Dataset entries:
========================
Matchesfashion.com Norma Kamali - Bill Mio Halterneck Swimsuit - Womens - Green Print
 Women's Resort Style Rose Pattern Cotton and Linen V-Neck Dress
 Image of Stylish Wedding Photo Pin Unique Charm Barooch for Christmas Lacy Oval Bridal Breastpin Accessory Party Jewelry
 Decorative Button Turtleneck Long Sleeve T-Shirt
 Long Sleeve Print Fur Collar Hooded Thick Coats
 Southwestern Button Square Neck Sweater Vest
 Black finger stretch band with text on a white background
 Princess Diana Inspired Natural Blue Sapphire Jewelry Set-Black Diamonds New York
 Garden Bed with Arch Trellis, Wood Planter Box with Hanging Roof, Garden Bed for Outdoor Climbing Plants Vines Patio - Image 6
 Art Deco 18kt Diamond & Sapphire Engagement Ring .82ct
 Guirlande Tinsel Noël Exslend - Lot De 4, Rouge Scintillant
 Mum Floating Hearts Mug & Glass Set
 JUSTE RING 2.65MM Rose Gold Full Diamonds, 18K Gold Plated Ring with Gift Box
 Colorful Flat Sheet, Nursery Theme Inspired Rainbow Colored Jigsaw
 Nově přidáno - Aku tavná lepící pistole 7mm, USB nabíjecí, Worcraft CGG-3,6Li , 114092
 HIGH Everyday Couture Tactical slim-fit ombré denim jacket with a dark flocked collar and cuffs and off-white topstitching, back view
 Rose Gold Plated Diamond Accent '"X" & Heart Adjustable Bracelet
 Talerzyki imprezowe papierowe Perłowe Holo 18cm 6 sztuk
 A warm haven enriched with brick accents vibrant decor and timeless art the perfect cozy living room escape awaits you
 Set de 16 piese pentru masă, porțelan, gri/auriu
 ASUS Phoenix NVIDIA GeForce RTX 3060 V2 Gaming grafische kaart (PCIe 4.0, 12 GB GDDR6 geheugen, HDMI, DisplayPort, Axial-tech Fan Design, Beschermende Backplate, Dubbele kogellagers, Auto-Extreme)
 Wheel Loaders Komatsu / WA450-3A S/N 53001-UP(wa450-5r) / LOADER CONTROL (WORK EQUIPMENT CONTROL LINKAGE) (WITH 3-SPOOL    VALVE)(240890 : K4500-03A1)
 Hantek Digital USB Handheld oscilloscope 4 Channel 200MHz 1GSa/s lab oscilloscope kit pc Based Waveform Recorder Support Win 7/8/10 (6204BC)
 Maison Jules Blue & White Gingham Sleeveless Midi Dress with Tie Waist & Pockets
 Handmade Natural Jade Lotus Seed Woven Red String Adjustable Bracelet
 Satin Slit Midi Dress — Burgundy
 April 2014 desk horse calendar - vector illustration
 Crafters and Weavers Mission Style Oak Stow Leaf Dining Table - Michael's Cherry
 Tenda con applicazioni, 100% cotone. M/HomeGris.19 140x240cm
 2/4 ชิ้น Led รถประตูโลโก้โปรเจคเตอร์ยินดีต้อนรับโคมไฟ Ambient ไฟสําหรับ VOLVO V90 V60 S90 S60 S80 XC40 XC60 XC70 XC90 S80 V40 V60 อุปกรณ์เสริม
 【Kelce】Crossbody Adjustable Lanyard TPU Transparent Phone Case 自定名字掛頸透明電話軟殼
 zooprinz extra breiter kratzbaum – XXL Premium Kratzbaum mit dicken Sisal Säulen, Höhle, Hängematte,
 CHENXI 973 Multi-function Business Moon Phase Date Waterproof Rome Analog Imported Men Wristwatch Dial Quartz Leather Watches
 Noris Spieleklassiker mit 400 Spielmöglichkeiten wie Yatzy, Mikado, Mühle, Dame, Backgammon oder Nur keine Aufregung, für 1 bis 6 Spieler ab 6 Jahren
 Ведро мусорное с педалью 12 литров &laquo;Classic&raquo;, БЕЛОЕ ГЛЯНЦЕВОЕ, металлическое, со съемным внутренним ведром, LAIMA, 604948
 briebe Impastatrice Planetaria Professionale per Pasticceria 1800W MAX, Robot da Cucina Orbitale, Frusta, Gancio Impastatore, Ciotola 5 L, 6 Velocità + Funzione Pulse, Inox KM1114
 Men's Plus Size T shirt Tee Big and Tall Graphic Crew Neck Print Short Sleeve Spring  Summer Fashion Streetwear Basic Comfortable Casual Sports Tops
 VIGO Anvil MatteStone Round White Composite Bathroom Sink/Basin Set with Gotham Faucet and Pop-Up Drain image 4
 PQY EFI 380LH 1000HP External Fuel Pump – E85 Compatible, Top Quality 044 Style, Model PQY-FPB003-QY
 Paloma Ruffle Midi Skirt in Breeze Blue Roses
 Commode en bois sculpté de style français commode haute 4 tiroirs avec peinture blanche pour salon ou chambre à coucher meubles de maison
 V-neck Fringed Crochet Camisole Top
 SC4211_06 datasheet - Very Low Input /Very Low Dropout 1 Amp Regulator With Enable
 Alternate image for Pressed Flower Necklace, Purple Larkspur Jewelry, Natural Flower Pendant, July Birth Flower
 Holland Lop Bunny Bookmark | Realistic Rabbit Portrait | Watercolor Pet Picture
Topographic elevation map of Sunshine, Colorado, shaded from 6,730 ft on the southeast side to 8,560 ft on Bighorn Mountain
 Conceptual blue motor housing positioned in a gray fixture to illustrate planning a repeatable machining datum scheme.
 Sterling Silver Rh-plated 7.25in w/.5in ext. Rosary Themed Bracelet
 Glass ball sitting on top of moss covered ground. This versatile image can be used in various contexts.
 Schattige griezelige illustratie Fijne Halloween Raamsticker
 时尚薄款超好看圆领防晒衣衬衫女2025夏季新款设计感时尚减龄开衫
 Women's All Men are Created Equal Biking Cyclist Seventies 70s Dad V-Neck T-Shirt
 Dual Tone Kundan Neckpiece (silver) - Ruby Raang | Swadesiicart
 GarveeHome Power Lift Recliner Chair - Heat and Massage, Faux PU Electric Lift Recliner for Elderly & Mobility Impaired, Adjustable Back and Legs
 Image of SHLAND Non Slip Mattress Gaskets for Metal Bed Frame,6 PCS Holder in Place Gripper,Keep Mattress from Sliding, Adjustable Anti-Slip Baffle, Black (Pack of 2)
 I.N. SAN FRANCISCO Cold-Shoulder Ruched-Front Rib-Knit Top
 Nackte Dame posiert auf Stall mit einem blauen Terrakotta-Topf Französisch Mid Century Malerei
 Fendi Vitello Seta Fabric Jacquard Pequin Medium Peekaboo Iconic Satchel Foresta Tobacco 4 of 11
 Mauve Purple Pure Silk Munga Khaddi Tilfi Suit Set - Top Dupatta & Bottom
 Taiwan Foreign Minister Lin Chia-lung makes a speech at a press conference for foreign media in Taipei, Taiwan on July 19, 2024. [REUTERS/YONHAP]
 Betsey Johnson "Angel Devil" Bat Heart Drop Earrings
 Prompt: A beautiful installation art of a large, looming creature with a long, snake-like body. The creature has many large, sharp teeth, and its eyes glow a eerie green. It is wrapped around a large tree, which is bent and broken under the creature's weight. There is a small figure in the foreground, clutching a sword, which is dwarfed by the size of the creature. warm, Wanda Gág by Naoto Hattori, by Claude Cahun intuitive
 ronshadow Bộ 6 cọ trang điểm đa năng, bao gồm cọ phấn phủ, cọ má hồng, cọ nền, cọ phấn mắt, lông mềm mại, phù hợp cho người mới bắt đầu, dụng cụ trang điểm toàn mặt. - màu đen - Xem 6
========================
→ **Task statement**:
Return exactly the lines above from the line that has "Holland Lop Bunny" through the line that has "Glass ball sitting", inclusive, and nothing else.

→ **Exercise output**:
 Holland Lop Bunny Bookmark | Realistic Rabbit Portrait | Watercolor Pet Picture
Topographic elevation map of Sunshine, Colorado, shaded from 6,730 ft on the southeast side to 8,560 ft on Bighorn Mountain
 Conceptual blue motor housing positioned in a gray fixture to illustrate planning a repeatable machining datum scheme.
 Sterling Silver Rh-plated 7.25in w/.5in ext. Rosary Themed Bracelet
 Glass ball sitting on top of moss covered ground. This versatile image can be used in various contexts.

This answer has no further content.